Discussion in 'XML' started by Peter Flynn, Dec 23, 2005.

  1. Peter Flynn

    Peter Flynn Guest

    wrote:

    > Hi, I'm new at this newsgroup and I want do ask some questions and
    > opinions about this subject.
    >
    > I'm developing an application focused in a very specific task: clean
    > and labelling text documents with user-defined structural tags (title,
    > cite, date, paragraph, itemList, ...). It makes the typical
    > pre-processing tasks needed for computational linguistics in order to
    > work with big corporas to use statistical tools.


    "User-defined"? Is there a standard for corpus linguistics? Like TEI?

    > But I'm worried that this field be too small/specific. I choosed it
    > because it's a field that I know and where I'd some contacts, *but*
    > I'm not sure if research departments of universities are able to spend
    > money/purchase software, or may be they are too used to the free/open
    > source world.


    Some of them have money, some don't. But IMHE they are well used to
    using Open Source software, and there is plenty available.

    > For this reason I'm looking for some other field where the task of
    > adding structural labels to text be needed (specifically converting
    > unstructured and format-oriented documents to structured
    > function-oriented XML documents). May be some area on publishing, but
    > I think that they will not be interested in "small" desktop
    > applications.


    Who is "they"?

    > Please, any of you had worked for or listen about some business with
    > this kind of need? Do you think that there is demand for legacy
    > document conversion in small business?


    Lots of us work in or close to this field. There certainly is a demand
    for this, but it's very small, especially in small businesses. It is
    currently faster and cheaper to send the whole corpus to a company in
    the Indian subcontinent or on the Pacific Rim and have it rekeyed or
    scanned into XML there. In general, companies are not interested in
    legacy documents, and there is little or no business case for them to
    be. It's different if someone is suing you over some documented event
    that happened in the distant past, but in those cases I suspect the
    companies are only too glad for the documents to remain inaccessible.

    If there was any interest in preserving them, they wouldn't have used
    WordPerfect, Lotus, or Word formats (or whatever) to store them in
    in the first place, would they? :)

    Academic research, especially literary and historical research; some
    library projects; and some publishing-oriented preservation projects
    are more likely to have a demand for this software -- but they don't
    have large sums of money to spend on it, and it is arguable that if
    they are publicly-funded they should perhaps not be spending that
    money this way. And in those fields there are a lot of people who are
    very expert in doing these conversions.

    You seem to be confused about your objective: you say "...in small
    business" but in the preceding paragraph you say that "...they will
    not be interested in 'small' desktop applications."

    > Some info about the application:
    >
    > - Importing form main document formats (TXTs, HTML, RTF, others?).

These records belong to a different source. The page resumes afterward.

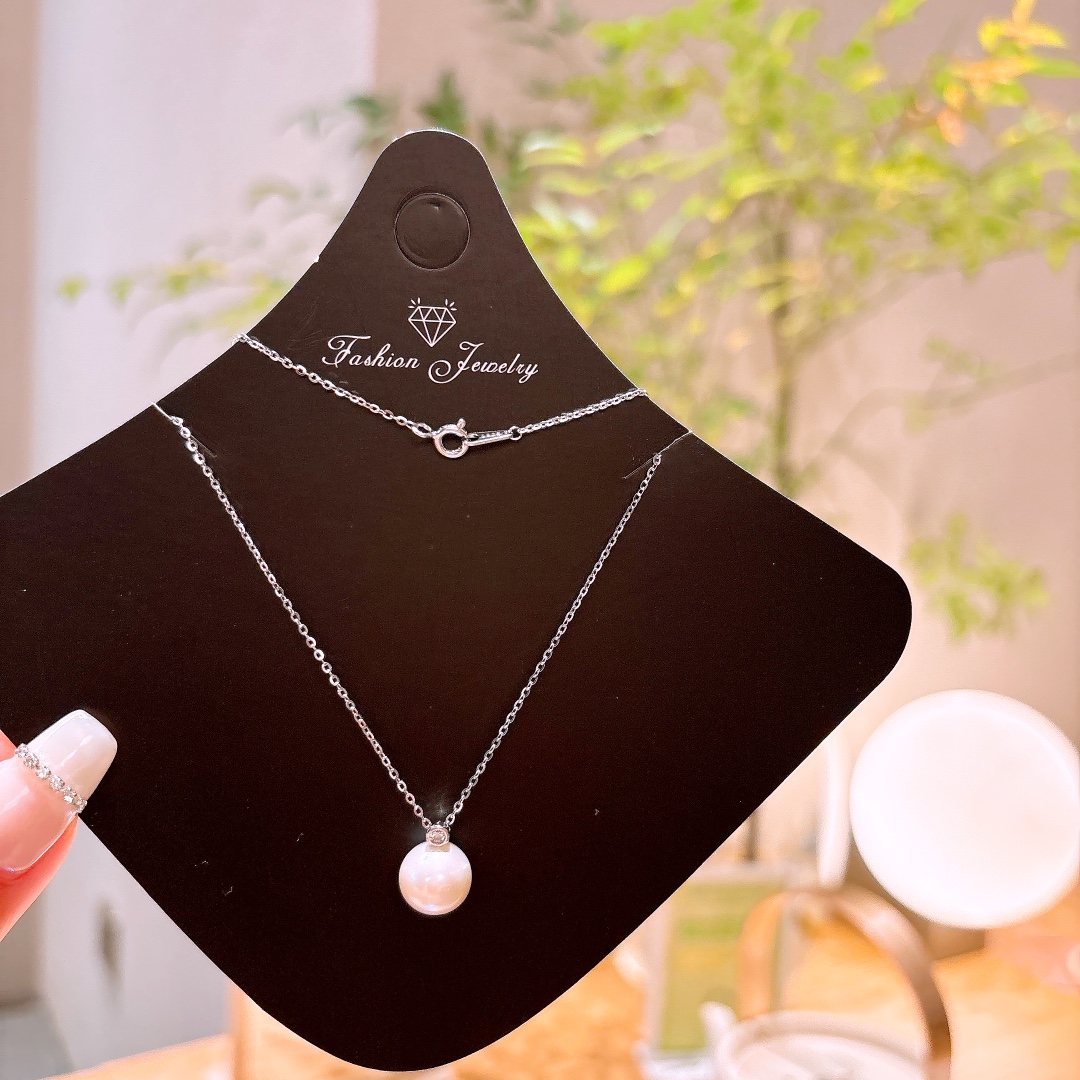 Feinsilber Kette Ätherisch Frühlingsfest Gold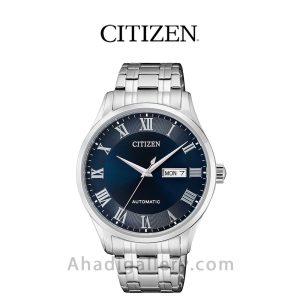 ساعت مچی سیتیزن مدل NH8360-80L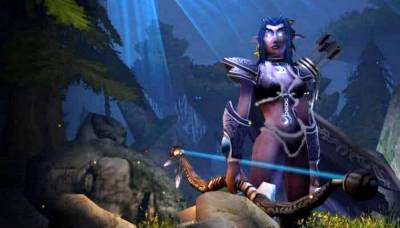 Warcraft 3 Reign Of Chaos скачать на пк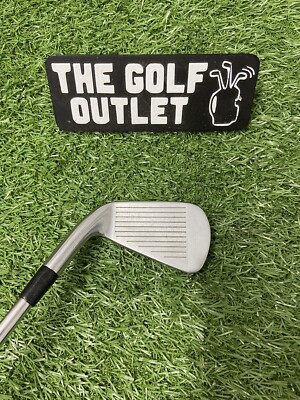 TITLEIST 716 CB 5 IRON XP90 S300 STIFF FLEX SHAFT | eBay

    Those are three very unlikely candidates as there is already
    software to handle them in many ways.

    Legacy obsolete binary wordprocessing and DTP formats are the hardest
    to deal with, especially when they reside on obsolete media.

    > - GUI Based for interactive labelling (active learning techniques,
    > similar to the OCR programs).


    I just posted about this the other day: see the thread "looking for a
    mentor" in c.t.x (Message-ID <> et seq.)

    > - Interactive labelling used to "train" the program by automatic
    > induction of statistical rules (based on textual, lexical,
    > typographical and structural properties of the block).


    The IR people have been trying to do this for decades.
    I may be biased in favour of markup, but I really don't see any progress
    here.

    > - After trainning the labeller can be used in batch-processing in a
    > full-atonomous mode.


    This is what DynaTag's batch mode does (see reference to thread above).

    > - Exporting to user-defined XML (any estandard? docbook? TEI?)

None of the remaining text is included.